▶ _Your assignment_
Copy out the data below from the line containing "VEVOR Garage Floor" to the line containing "Geboortedatum Foto Briefkaart", both lines included, with all images left out.

▶ _Supplied records_

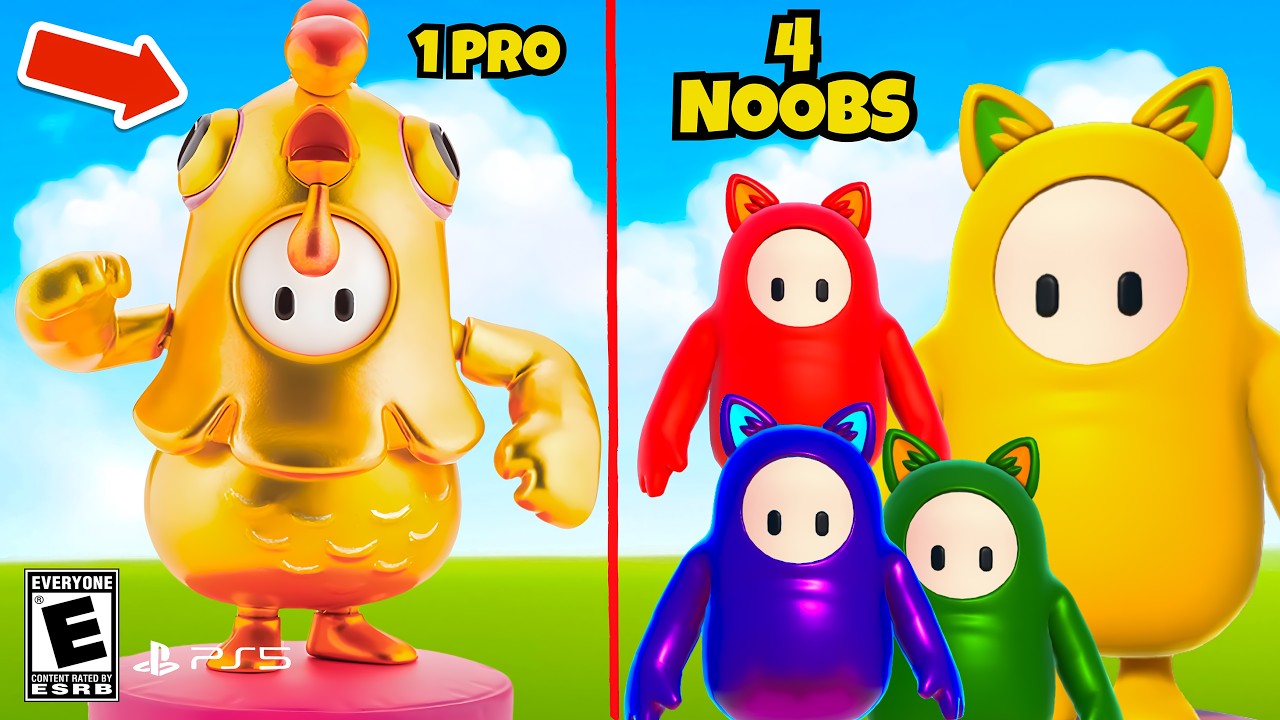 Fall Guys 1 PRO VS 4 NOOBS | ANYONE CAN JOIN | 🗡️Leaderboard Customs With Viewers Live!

* * *

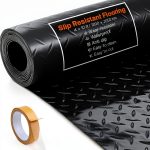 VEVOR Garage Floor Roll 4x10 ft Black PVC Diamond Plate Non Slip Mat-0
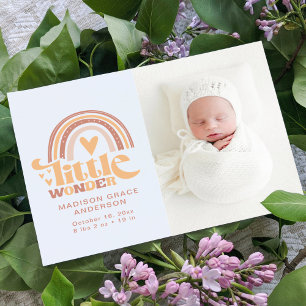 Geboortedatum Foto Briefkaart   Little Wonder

==

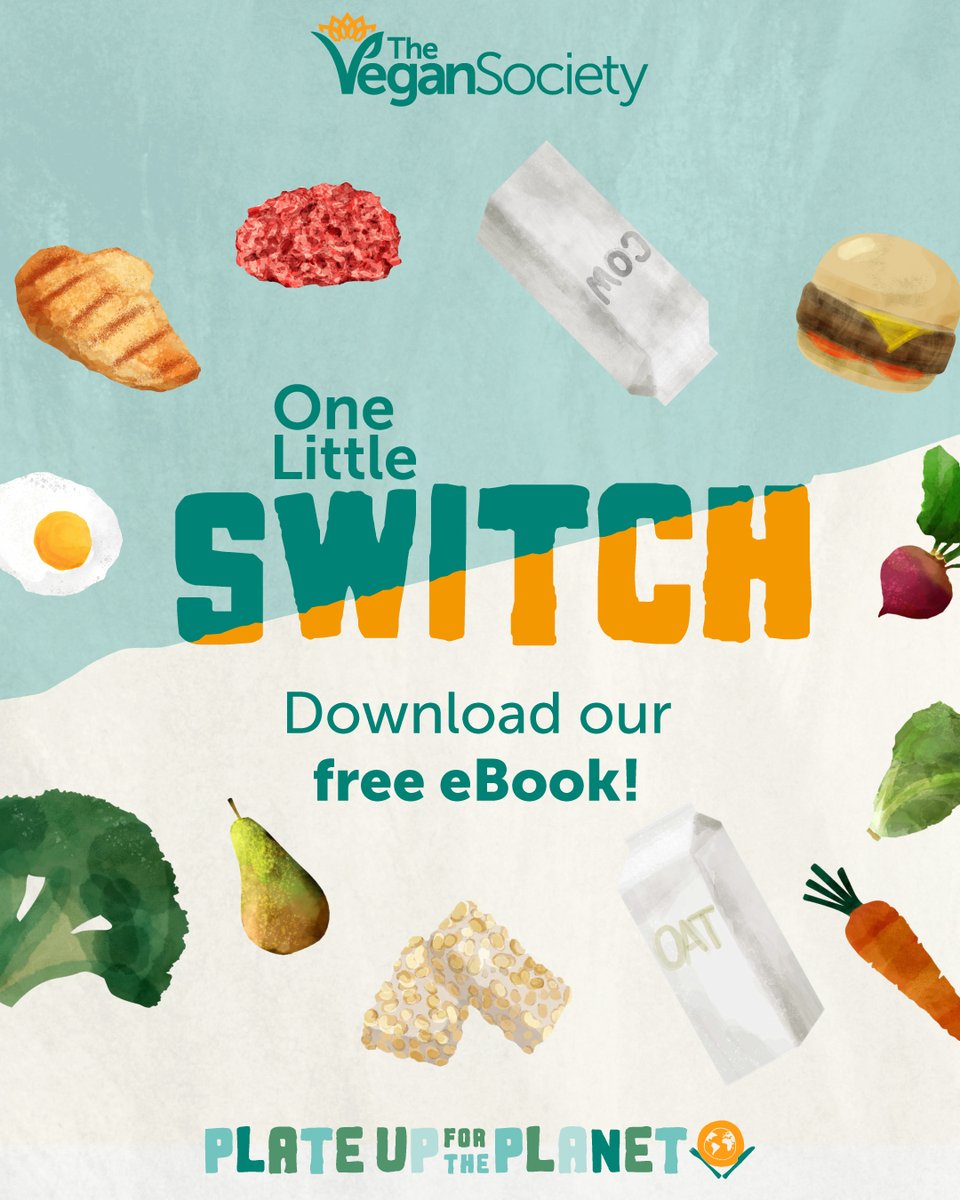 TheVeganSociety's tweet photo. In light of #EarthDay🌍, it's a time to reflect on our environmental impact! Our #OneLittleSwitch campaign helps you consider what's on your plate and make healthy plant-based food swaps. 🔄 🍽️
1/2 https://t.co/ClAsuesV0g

▶ _Your solution_
 VEVOR Garage Floor Roll 4x10 ft Black PVC Diamond Plate Non Slip Mat-0
 Geboortedatum Foto Briefkaart   Little Wonder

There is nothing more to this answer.